In full and word for word, copy the listing; no pictures belong in the copy.
** Opening DATA SHOWN block **
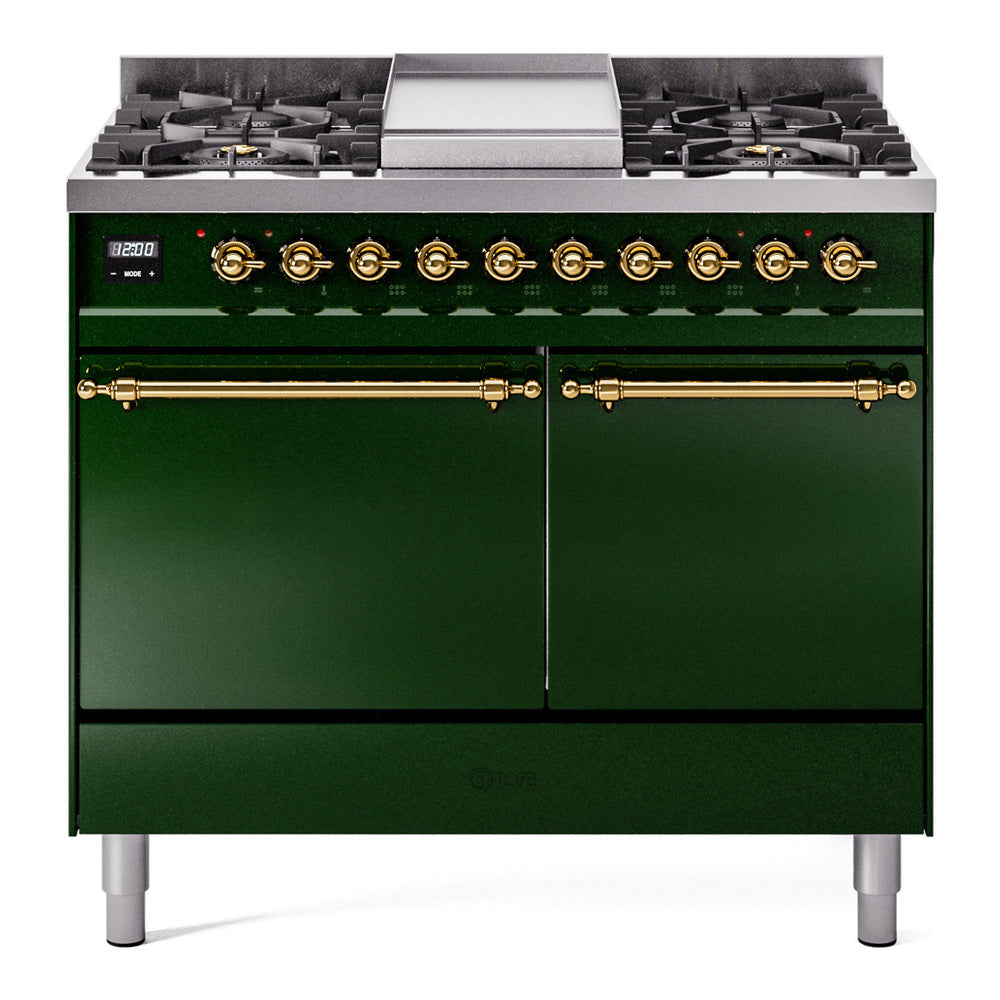 Ilve UPD40FQNMPEGGLP Nostalgie Ii 40 Inch Dual Fuel Liquid Propane Freestanding Range In Emerald Green With Brass Trim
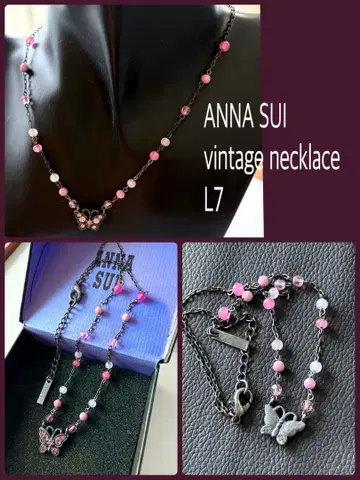 ANNA SUI 버터플라이 목걸이 핑크 미사용품 L7
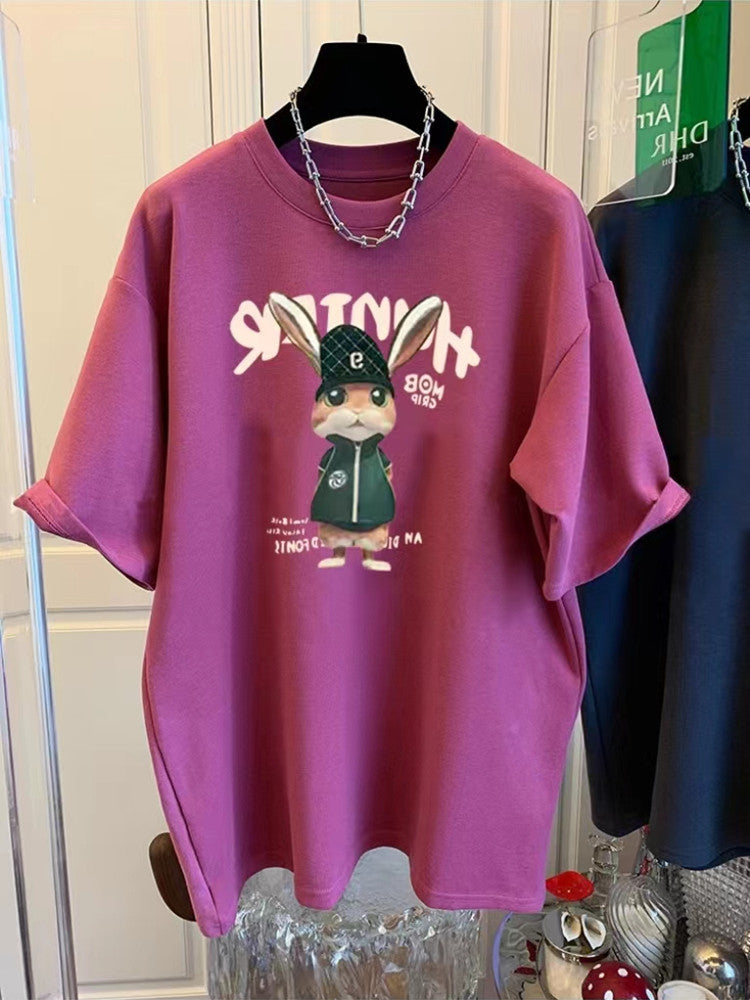 Dame T-shirt med kreativ dyreprint og afslappet pasform Stilla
** Closing DATA SHOWN block **
EXERCISE OUTPUT =>
 Ilve UPD40FQNMPEGGLP Nostalgie Ii 40 Inch Dual Fuel Liquid Propane Freestanding Range In Emerald Green With Brass Trim
 ANNA SUI 버터플라이 목걸이 핑크 미사용품 L7
 Dame T-shirt med kreativ dyreprint og afslappet pasform Stilla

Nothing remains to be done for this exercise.